The Finance Ministry has released the auction calendar for Government of India Treasury Bills worth Rs 3.84 lakh crore for the quarter ending March 2026.
The date of the auction has been scheduled to start from January 7 and end on March 26, 2026. The government plans to raise Rs 1.44 lakh crore through 91-day treasury bills, Rs 1.44 lakh crore in 182 days, and Rs 96,000 crore through 364-day treasury bills.

The notification issued on December 29, 2025, read that the Centre and RBI will have the flexibility to modify the indicated amount and timing for auction of Treasury Bills, depending upon the requirements, evolving market conditions and other relevant factors, after giving due notice to the market.
What are Treasury Bills?
The RBI, on behalf of the Government of India, issues Treasury Bills (T-bills) as a measure to finance immediate funding requirements for a defined period and pays assured or predictable returns on the borrowed amount.
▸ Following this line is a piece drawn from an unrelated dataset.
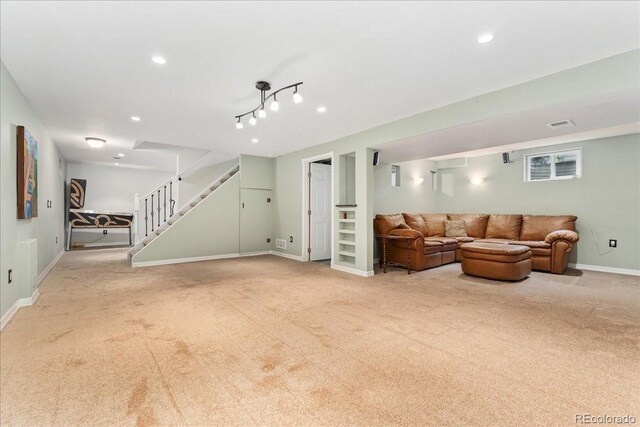 3765 E Easter Dr, Centennial, CO 80122 - living area featuring carpet floors, stairway, and recessed lighting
It is a debt instrument suited particularly for risk-averse investors, as it comes with a sovereign guarantee.
Investment & profit
T-bills are not an interest-generating investment instrument, but are sold at a discounted rate to their face value. Investors profit from the difference between the purchase price and the value received during the maturity period.
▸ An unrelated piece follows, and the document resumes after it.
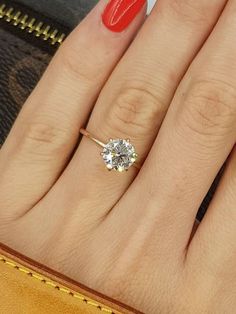 a woman's hand with a ring on it and a red manicured nail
Here’s a calculation of T-bills of Rs 100 face value issued at Rs 95.
P = Purchase Price: Rs 95
D = Date of Maturity: 91 days
The following formula is used:
Yield = [(100-P)/P] x (365/D) x 100]
= [(100-95)/95] x (365/91) x 100]
= 21.11%
Maturity
The maturity period is typically fixed at 91, 180, and 364 days.
Minimum investment
RBI mandates that a minimum investment in T-bills should be Rs 25,000 and in multiples of Rs 25,000.
Where to buy T-bills
The primary mode of investment in T-bills is to set up a Retail Direct Gilt (RDG) account with the RBI, which is linked with an investor’s savings account for direct transactions. Investors can also buy or sell securities directly on the secondary market from the RDG account.
It can also be purchased through stock exchanges by setting up a demat account with a broker or any bank.
Taxation
Profit earned from T-bills is subject to short-term capital gains (STCG) and is taxed according to the income tax slab rates of investors.